Big Data creates a shift from silo’d approaches to process and process improvement to a broader approach that allows business transformation on the back of enormous data sets that potentially change the game. Forrester’s Clay Richardson calls it, “Methods and techniques that provide a more holistic approach to process improvement and process transformation initiatives.”
As Richardson puts it, you can’t drive real business value without the four C’s of customers, chaos, context and cloud. Big Process is broad process.
Consumerization of IT
Adopting technology from the consumer world without first studying its impact on our work is risky. Everyone can have an iPhone but if the organization doesn’t have a way to deal with lost or stolen items (there’s a two-year contract on an iPhone), things break down quickly. The same goes for marketing having free rein to use consumer-facing applications. Is there information security? Is there a way to make sure no one is drunk tweeting on Friday night? These things happen all to often.
There’s no way to reverse the direction of information technology spread without having a way to measure its impact and understand the changes that are necessary across the enterprise. Consumerization is forcing organizations to rethink their procurement, data security, system access, training and infrastructure requirements. It becomes a question of how and where to change processes.

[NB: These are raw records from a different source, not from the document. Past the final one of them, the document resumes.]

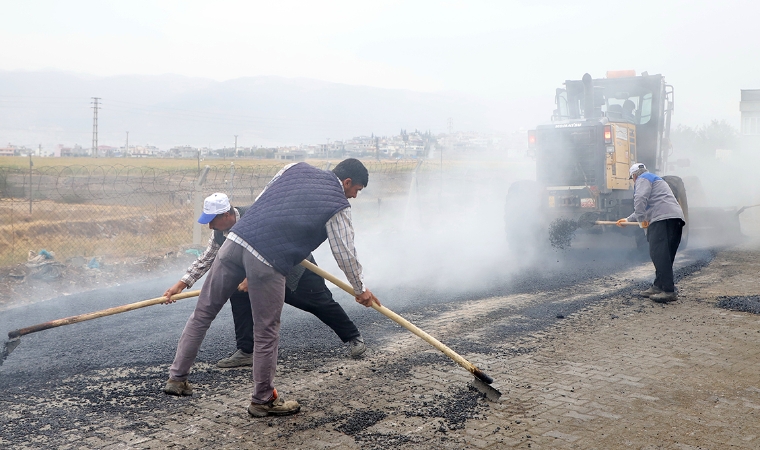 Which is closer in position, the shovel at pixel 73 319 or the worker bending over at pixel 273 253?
the worker bending over at pixel 273 253

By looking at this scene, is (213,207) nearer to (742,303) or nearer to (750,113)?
(742,303)

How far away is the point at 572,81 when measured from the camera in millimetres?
13117

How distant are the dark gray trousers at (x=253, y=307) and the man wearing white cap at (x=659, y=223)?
5.29 meters

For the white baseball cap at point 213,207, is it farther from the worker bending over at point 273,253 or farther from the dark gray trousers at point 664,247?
the dark gray trousers at point 664,247

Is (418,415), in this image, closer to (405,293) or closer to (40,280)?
(405,293)

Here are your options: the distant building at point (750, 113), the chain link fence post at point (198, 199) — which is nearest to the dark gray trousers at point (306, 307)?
the chain link fence post at point (198, 199)

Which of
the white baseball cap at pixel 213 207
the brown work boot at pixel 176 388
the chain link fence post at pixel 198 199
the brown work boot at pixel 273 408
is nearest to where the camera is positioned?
the brown work boot at pixel 273 408

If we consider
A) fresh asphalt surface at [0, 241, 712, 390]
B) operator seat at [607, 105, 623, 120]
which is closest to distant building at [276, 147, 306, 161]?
operator seat at [607, 105, 623, 120]

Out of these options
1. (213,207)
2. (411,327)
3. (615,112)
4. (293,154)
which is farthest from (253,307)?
(293,154)

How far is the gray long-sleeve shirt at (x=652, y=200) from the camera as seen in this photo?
7.98m

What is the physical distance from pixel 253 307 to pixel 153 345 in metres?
2.10

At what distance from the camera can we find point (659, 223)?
798 cm

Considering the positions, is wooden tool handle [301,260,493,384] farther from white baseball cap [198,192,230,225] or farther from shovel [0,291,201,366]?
shovel [0,291,201,366]

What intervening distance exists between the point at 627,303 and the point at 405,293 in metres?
2.70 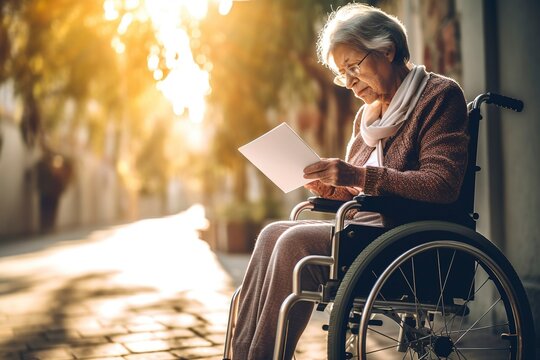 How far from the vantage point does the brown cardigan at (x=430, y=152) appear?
2305 millimetres

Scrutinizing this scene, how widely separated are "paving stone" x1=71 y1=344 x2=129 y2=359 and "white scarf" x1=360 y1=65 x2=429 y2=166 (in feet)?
6.19

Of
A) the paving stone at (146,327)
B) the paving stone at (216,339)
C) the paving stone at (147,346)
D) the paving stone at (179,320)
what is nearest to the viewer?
the paving stone at (147,346)

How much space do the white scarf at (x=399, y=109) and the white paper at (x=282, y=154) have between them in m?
0.30

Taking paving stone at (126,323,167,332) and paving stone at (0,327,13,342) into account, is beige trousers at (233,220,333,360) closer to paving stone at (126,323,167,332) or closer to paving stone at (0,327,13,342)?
paving stone at (126,323,167,332)

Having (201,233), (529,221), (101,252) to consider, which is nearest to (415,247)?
(529,221)

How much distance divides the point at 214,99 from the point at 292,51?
1415 millimetres

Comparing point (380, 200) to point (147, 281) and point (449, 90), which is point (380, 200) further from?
point (147, 281)

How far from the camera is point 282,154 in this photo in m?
2.44

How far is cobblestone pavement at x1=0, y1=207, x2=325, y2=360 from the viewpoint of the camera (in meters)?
3.84

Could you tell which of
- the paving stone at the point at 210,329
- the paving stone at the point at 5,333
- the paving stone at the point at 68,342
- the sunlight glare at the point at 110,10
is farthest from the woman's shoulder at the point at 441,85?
the sunlight glare at the point at 110,10

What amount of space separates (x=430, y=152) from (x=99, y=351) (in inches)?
88.3

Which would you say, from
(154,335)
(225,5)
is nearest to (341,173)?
(154,335)

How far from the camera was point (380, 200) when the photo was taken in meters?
2.26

Digital Customer Experience
A pizza recently arrived over an hour late and the box was wet from the rain. We posted our dissatisfaction on Twitter, and sure enough, had a response from the pizza chain within minutes. It linked us to a site where we could describe our experience. Within a short time of hitting ‘send’, we received an automated apology that called their business “family-oriented” (what does that even mean?) and showed no indication that they’d read our complaint.
We would have been better off calling the local store. It was clear that they built automation systems around a goal of quick response to customer complaints but created no real processes for satisfaction or improvement. It brings into question our value as customers, but I’m sure they didn’t set out to do that when they implemented technology.
Digital customer experience is about making connections that are personal and social. Without process backending the shift, companies will end up more like our pizza restaurant than not.
Social tools are all the rage and tibbr is an excellent business platform. But any organization moving toward collaboration technology needs to also look at how it get implemented, how information is initially structured, and then be process-oriented in moving people and conversations away from inefficient email. A good friend told me that his company implemented a well-known system without thinking about the impact to the workplace or how to create successful outcomes, and merely gave people one more place to try to find information. Have you been there?
There are smart processes that make things happen efficiently and avoid reinvention of the wheel.
No matter how bright and shiny the technology object, there’s a need to understand organizational process before taking any leaps. Process, much-maligned for all of its ragged edges and old-school jargon, remains at the dead center of how work gets done and value gets created.